1. There is a strict order in which the Approval Officer must apply the two stages which form the Full Code Test as required by the Code for Crown Prosecutors and the Enforcement Policy Statement. The Approval Officer must first consider the evidential stage. If the strength of evidence does not allow the case to pass this stage, the prosecution cannot go ahead, no matter how important the case or how strong the public interest is in favour of prosecution.
2. The Approval Officer must consider whether the evidence obtained is in a form which can be put before a criminal court, i.e. whether it is admissible. The courts may not allow information to be heard, even though it appears to be relevant to the case, if it does not comply with the rules of evidence. If it is likely that the court will exclude some of the evidence, the Approval Officer will need to satisfy him/herself that there remains sufficient admissible evidence to satisfy the evidential stage of the test.

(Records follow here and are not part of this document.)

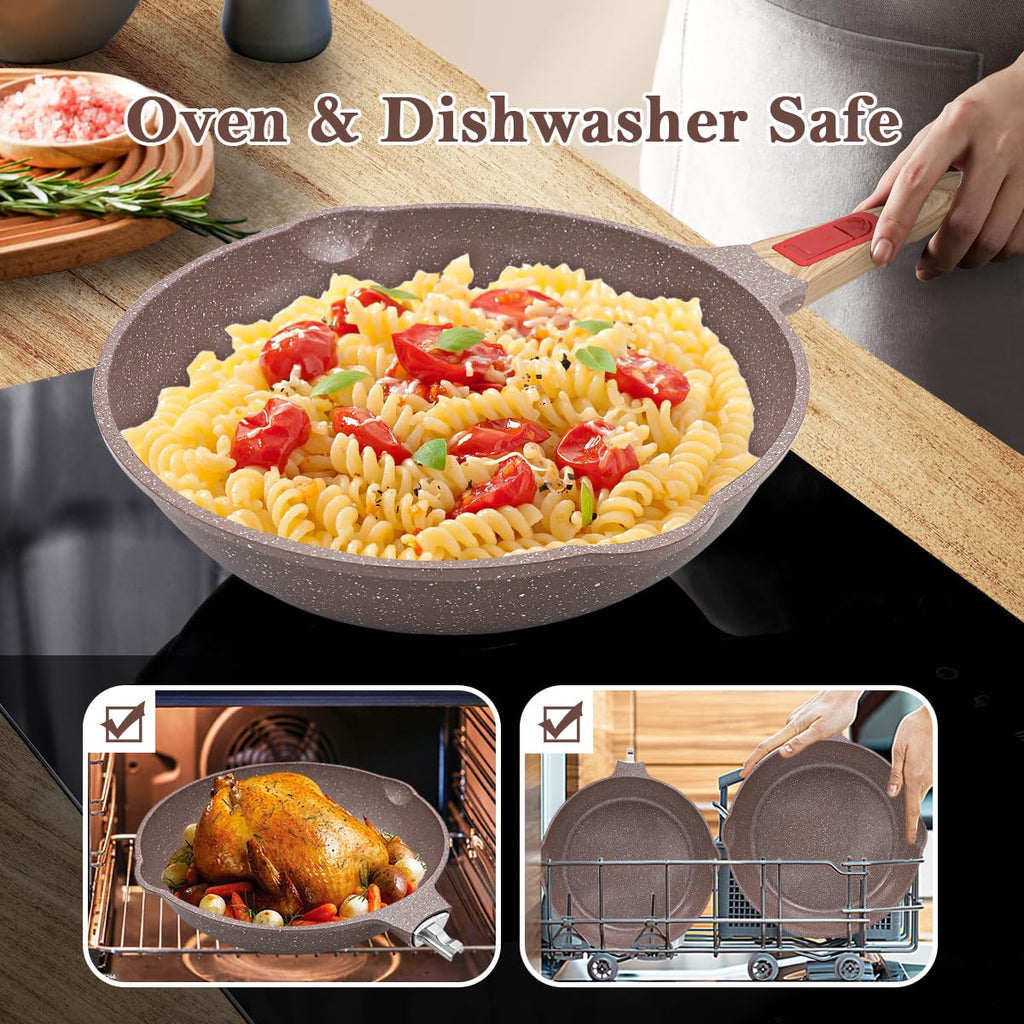 AIKENBBKK Ceramic Nonstick Frying Pan Set with Detachable Handle | 2-Piece
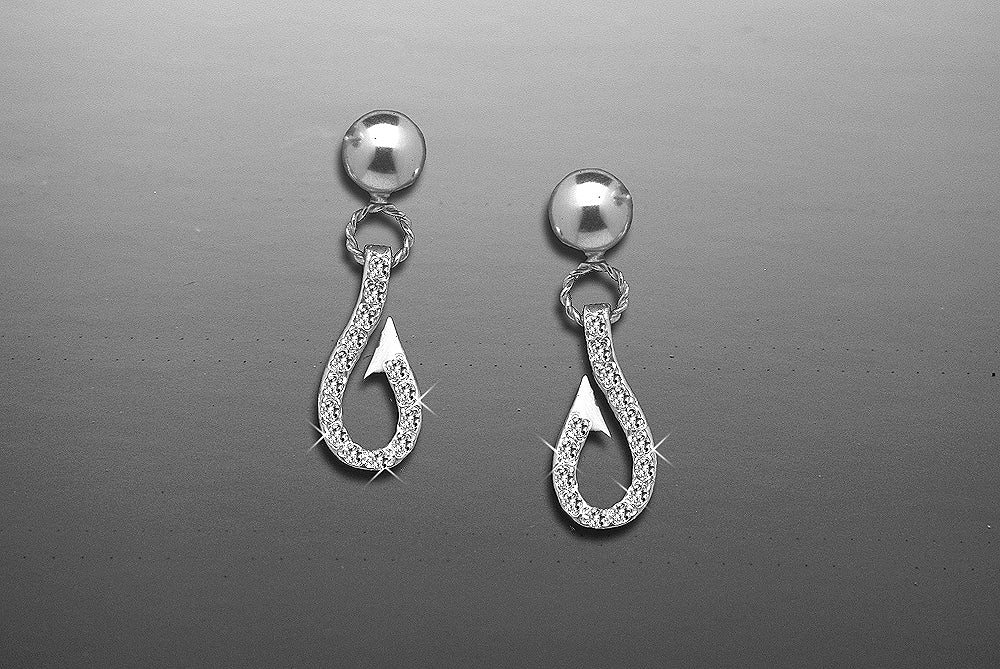 White Gold Diamond Hook Earrings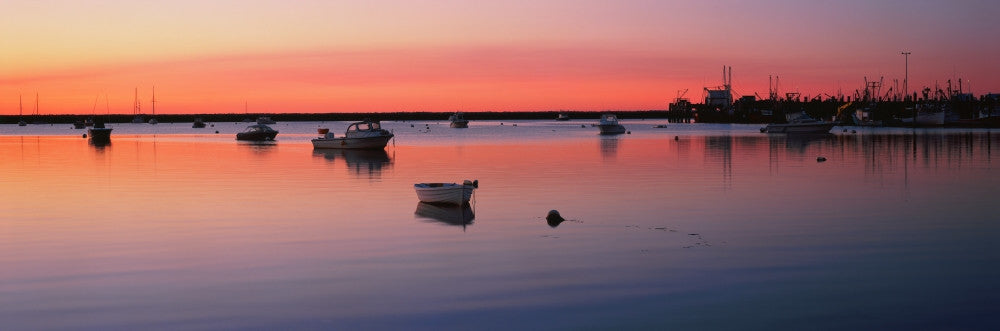 Boats at Sunset in Provincetown, Cape Cod Fine Art Print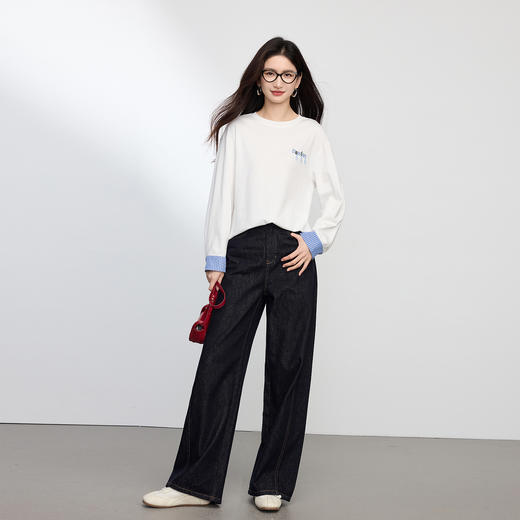 【08/27新品】熙世界100长绒棉白色长袖T恤女2025秋季新款字母刺绣圆领体恤上衣 商品图2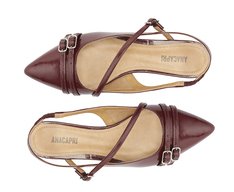 Sapatilha Slingback Fivela Dupla Roxa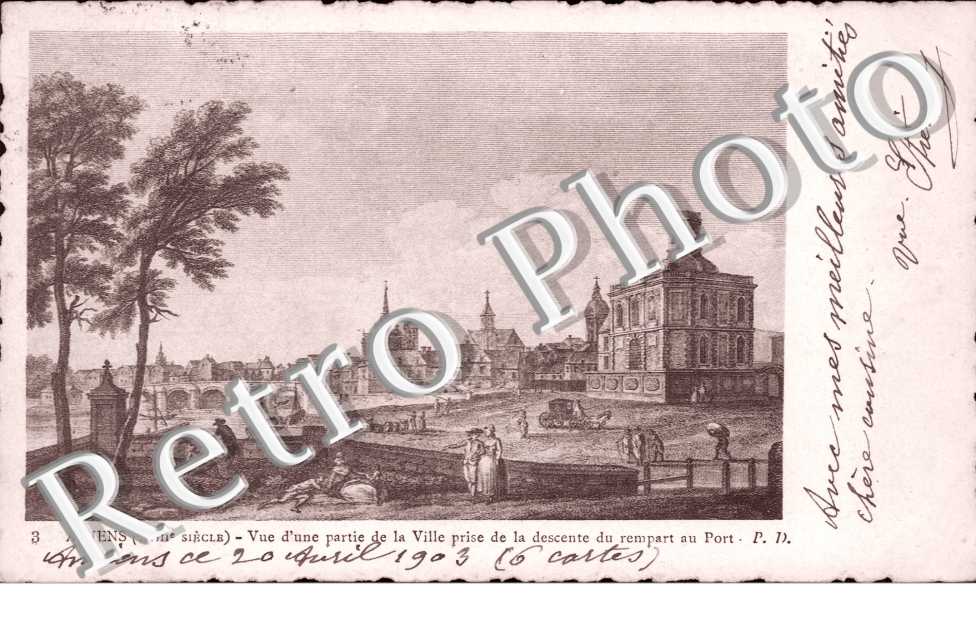 Vue d'une partie de la Ville prise depuis la Descente du Rempart au Port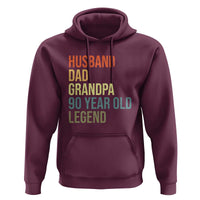 90th Birthday Hoodie Husband Dad Grandpa 90 Year Old Legend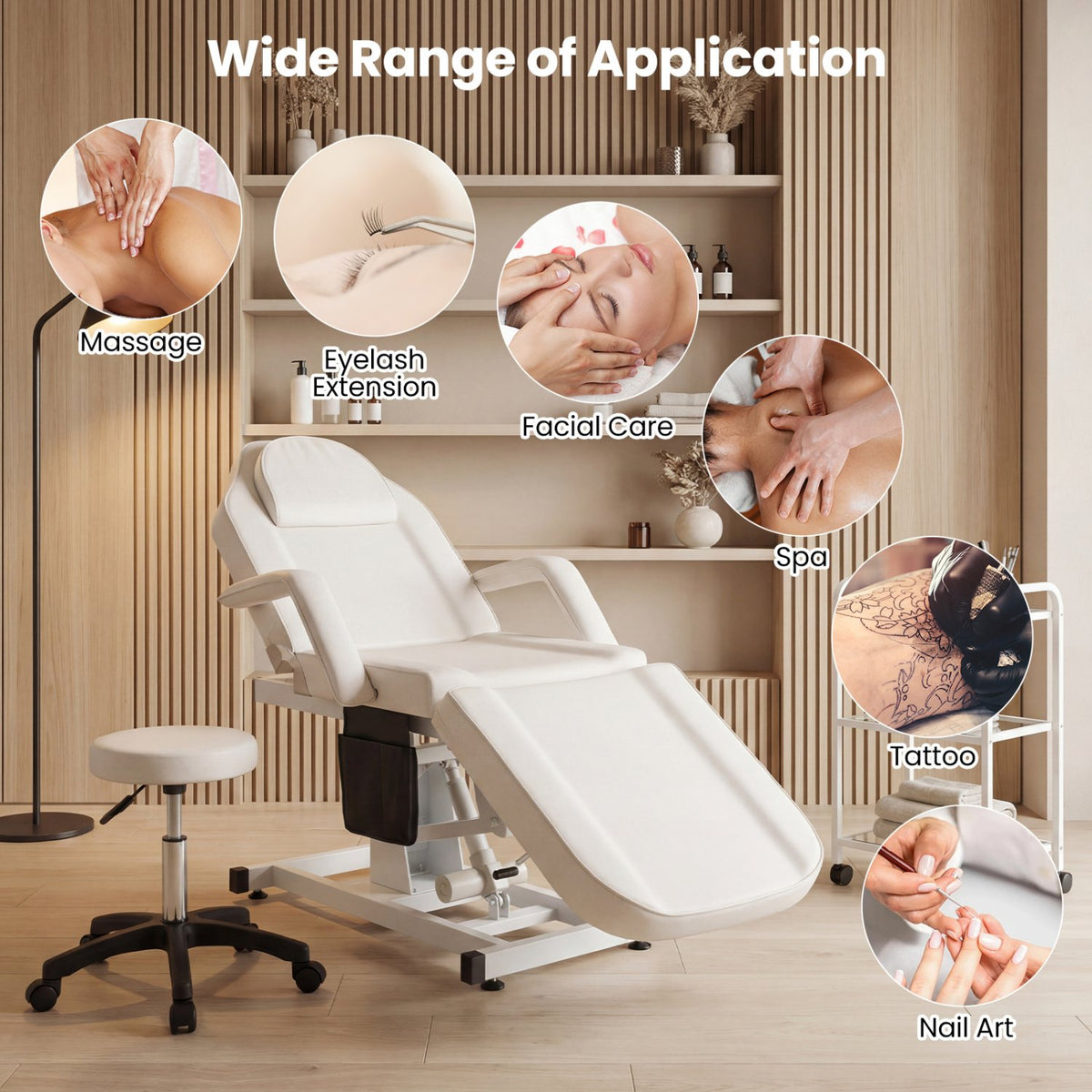 Tattoo Chair for Client Esthetician with Hydraulic Stool-White view 8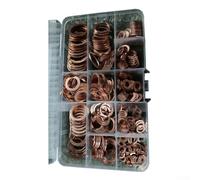 Bebykilemi Lot de 300 rondelles plates en cuivre pour matériel industriel - Assortiment de 150 à 400 pièces avec tailles M5 à M22, joints d'étanchéité en cuivre violet pour automobile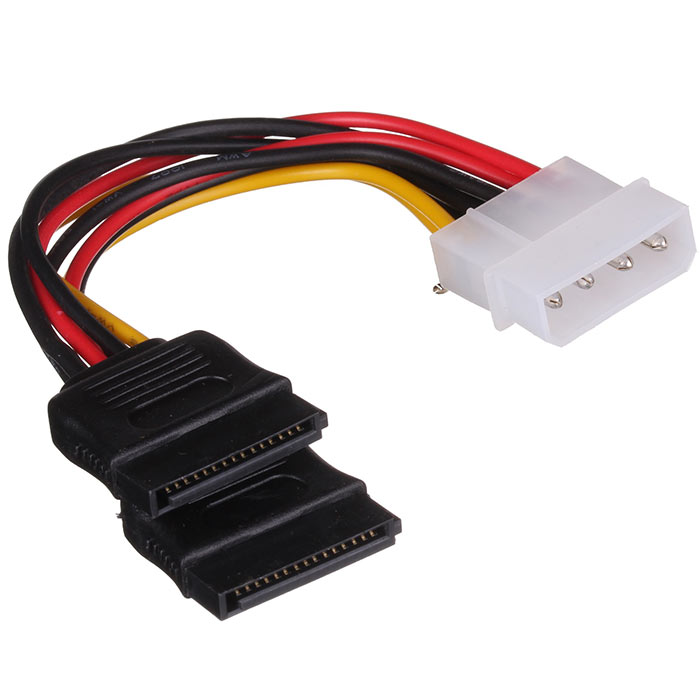 Кабель-переходник питания (адаптер) Molex(M)-2xSATA 15-pin(F) VCOM, 15 см, прямой (VPW7572)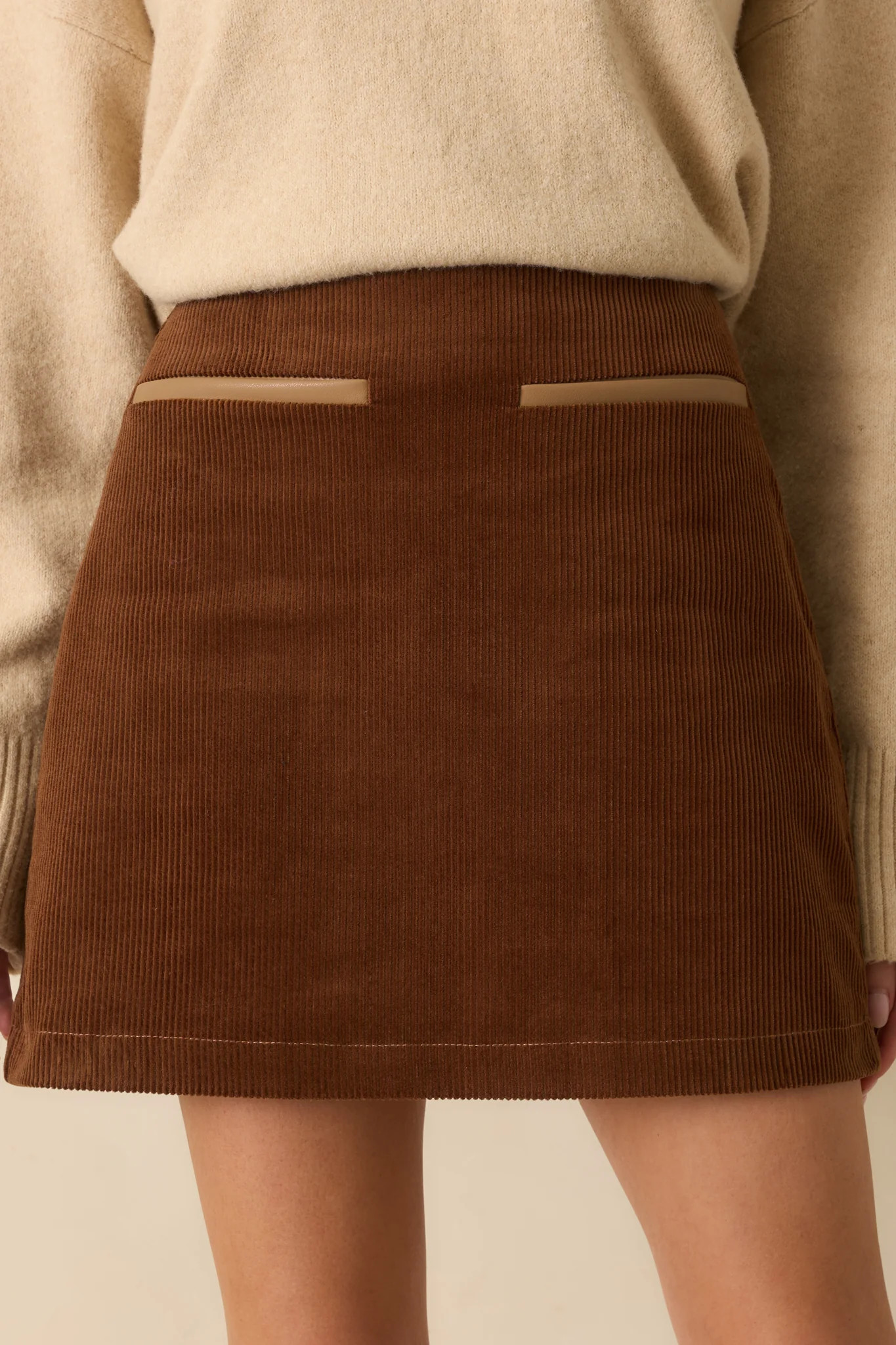 Time Will Tell Cinnamon Brown Cotton Corduroy Mini Skirt | Red Dress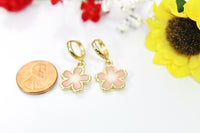 Sakura Flower Earrings, Gold Japaneses Cherry Blossom Earrings, Hoop or Stud or Dangle Earrings in Option N3292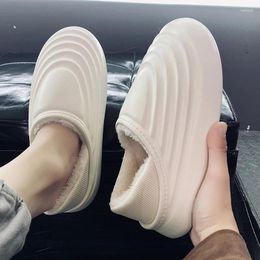 Slippers Winter Cotton Couple Indoor Outdoor Wear Soft Thick Cover Heel Waterproof Warm Cute Light EVA Home Plush Shoes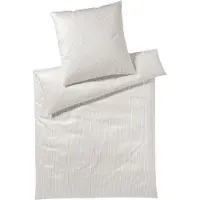 Elegante Mako-Satin Bettwäsche Hamburger Streifen 135x200 cm + 80x80 cm sand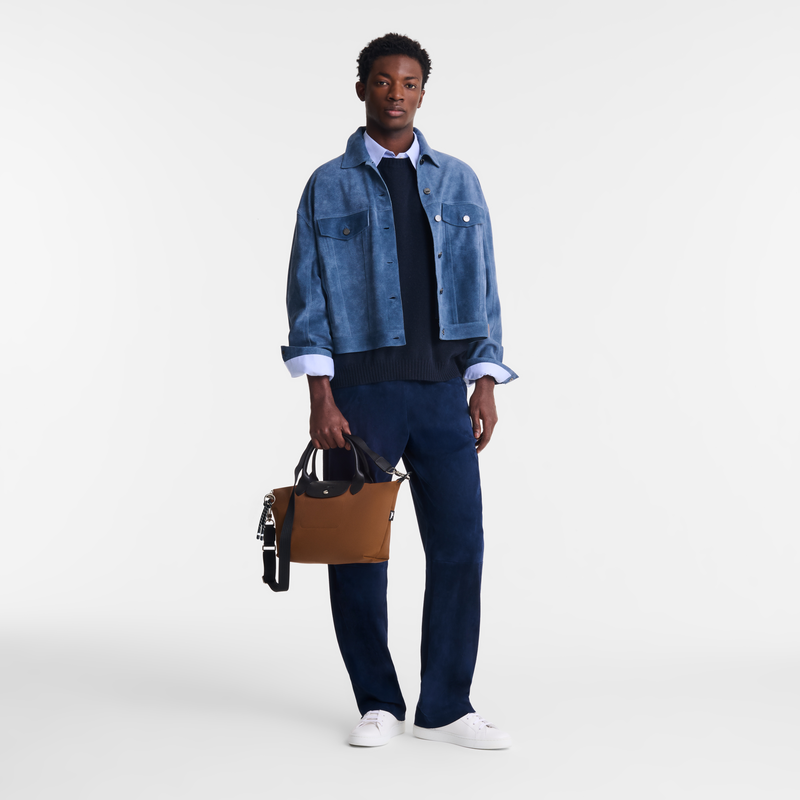 Le Pliage Energy S Handbag / Chocolate - Recycled canvas - Image 11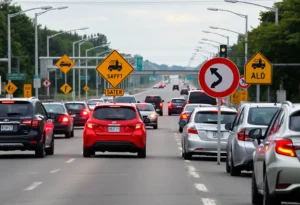 Roadway scene focusing on traffic safety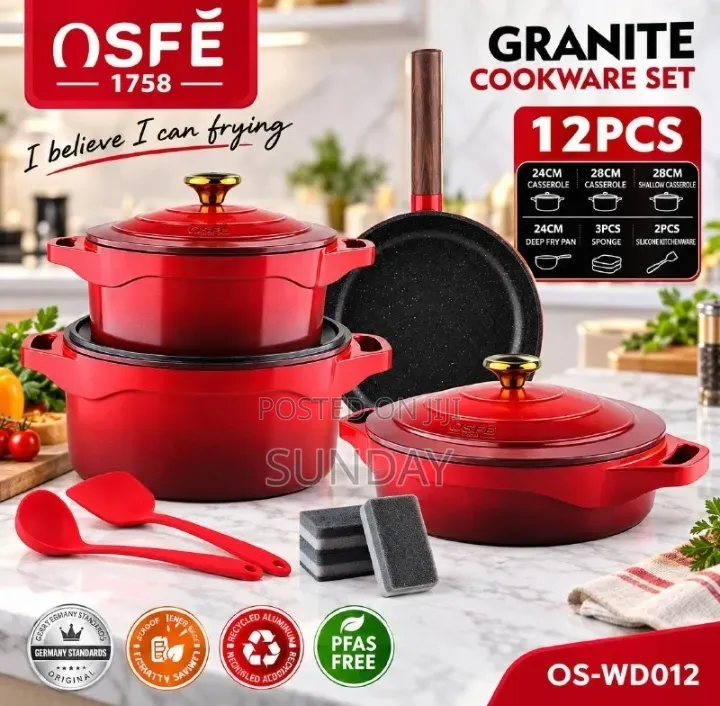 OSFE 1758 RED 12Pcs Granite Cookware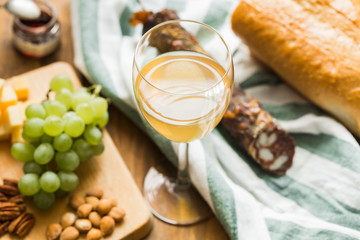 Snacks for wine: grapes, cheese, nuts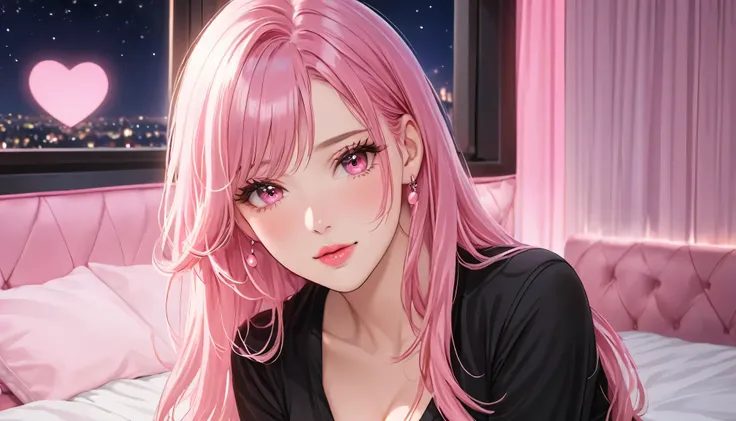 Mommy, Long Hair, light Pink Hair, pink eyes, Medium breasts, Blush, Adult, Pink Lip Gloss, night room, black shirt, High Resolution, Looking at viewer, HD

3. In order to assist the Approval Officer to apply the evidential stage of the Code, you should also supply him/her with any information concerning the reliability and credibility of the evidence. The Approval Officer will need to know, for example:
- Can the evidence be used in court? For example what is the likelihood of that evidence being held as inadmissible by the court and what is the importance of that evidence in relation to the evidence as a whole?
- Is the evidence reliable? Are there any reasons to question the reliability of the evidence including its accuracy or integrity?
- Is the evidence credible? Are there any reasons to doubt the credibility of the evidence?
4. It is essential that you provide the Approval Officer with sufficient information to enable him/her to apply the evidential stage test.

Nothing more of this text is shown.